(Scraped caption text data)

◆ ◆ ◆ ◆ ◆

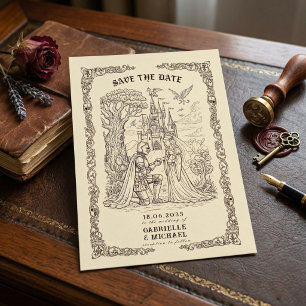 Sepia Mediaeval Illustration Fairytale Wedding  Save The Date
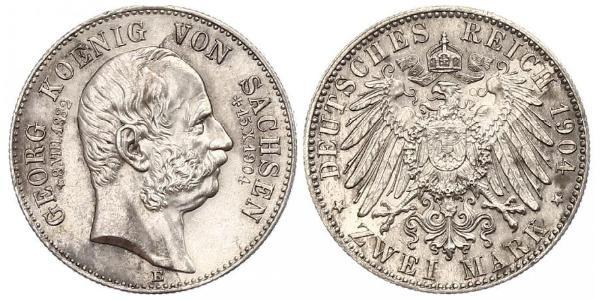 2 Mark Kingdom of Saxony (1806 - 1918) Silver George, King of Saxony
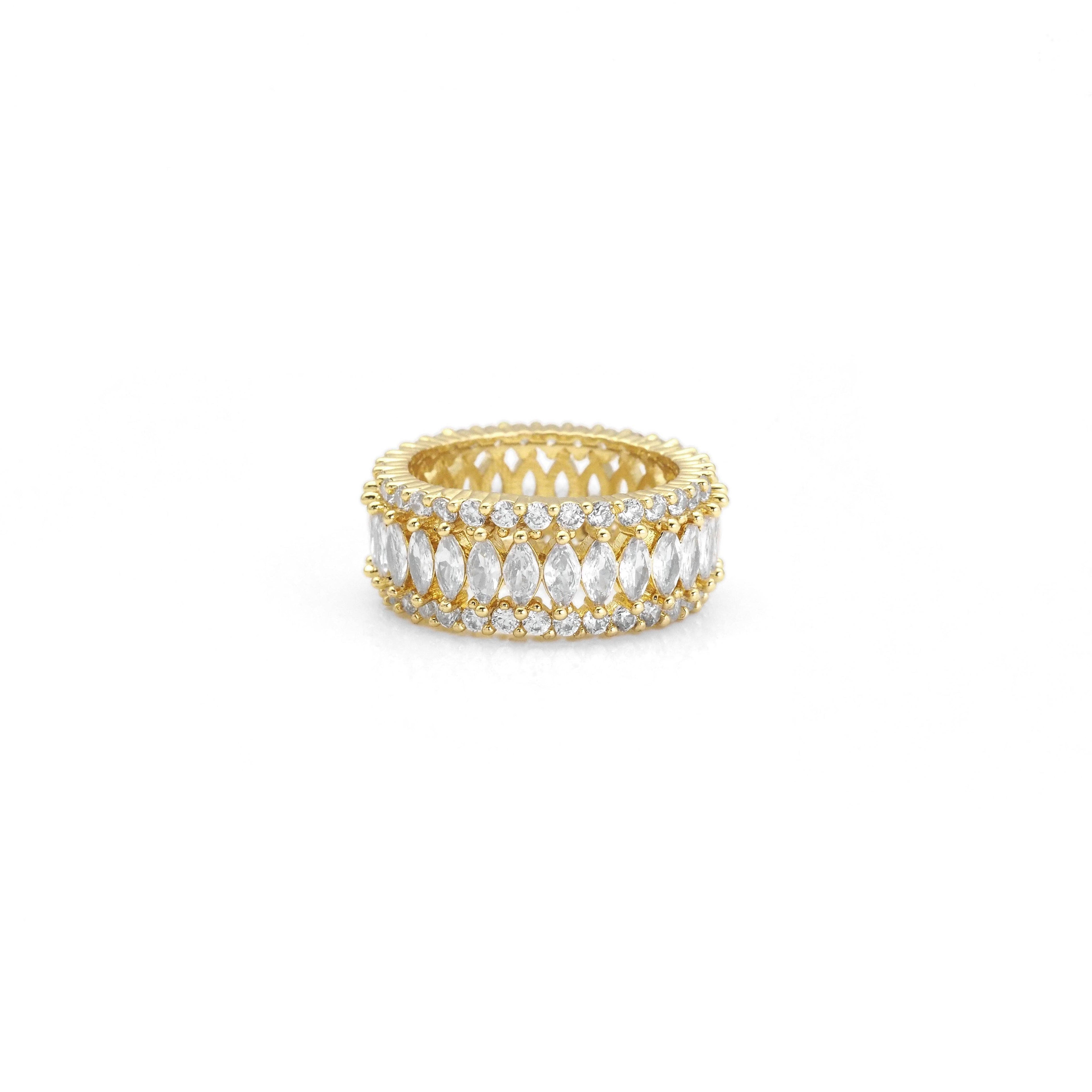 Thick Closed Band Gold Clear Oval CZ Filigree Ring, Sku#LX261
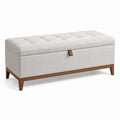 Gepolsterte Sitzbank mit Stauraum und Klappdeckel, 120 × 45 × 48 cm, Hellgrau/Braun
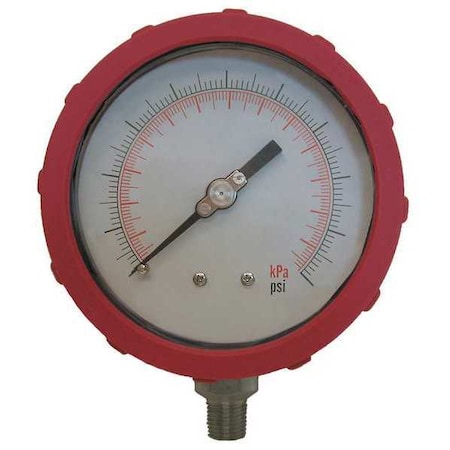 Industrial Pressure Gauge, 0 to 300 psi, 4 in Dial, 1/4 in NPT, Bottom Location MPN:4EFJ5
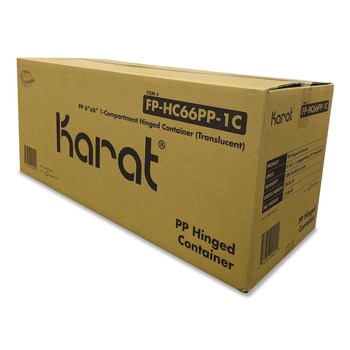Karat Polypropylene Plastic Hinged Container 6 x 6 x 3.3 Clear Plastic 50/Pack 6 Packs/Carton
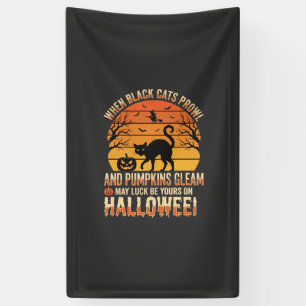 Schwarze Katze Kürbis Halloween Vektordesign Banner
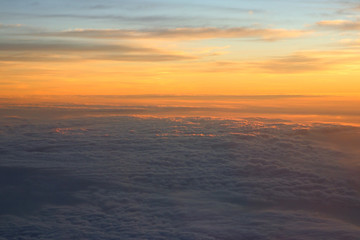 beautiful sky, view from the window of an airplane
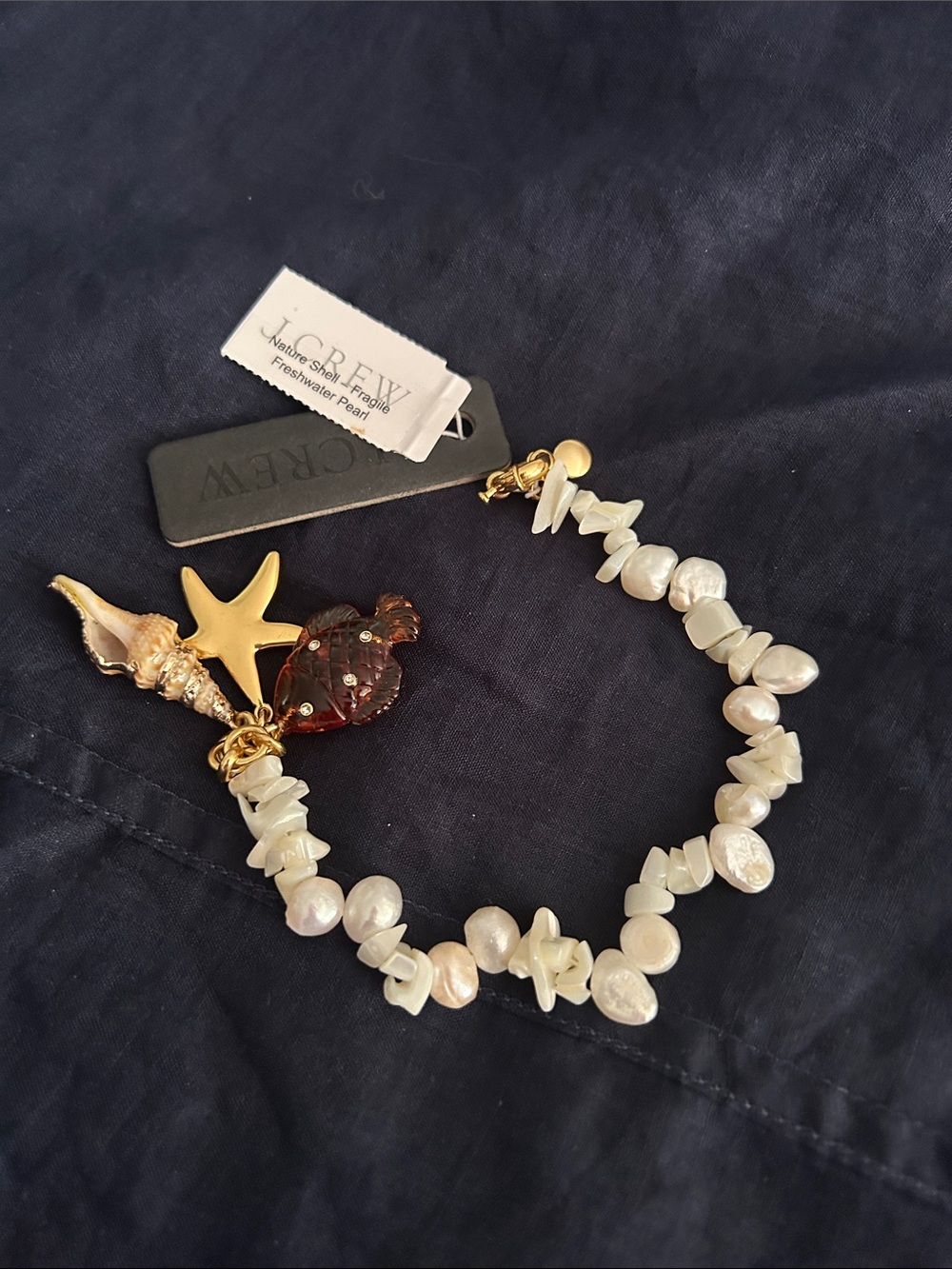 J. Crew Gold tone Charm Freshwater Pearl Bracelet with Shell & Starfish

◆ ◆ ◆ ◆ ◆

• [Exercise]:
From the line holding "Industrial Pressure Gauge, 0" to the final line of the data above, give each line again exactly, both ends included, and drop the pictures.

• [Response to this task]:
 Industrial Pressure Gauge, 0 to 300 psi, 4 in Dial, 1/4 in NPT, Bottom Location MPN:4EFJ5
Karat Polypropylene Plastic Hinged Container 6 x 6 x 3.3 Clear Plastic 50/Pack 6 Packs/Carton
 Schwarze Katze Kürbis Halloween Vektordesign Banner
 beautiful sky, view from the window of an airplane
 J. Crew Gold tone Charm Freshwater Pearl Bracelet with Shell & Starfish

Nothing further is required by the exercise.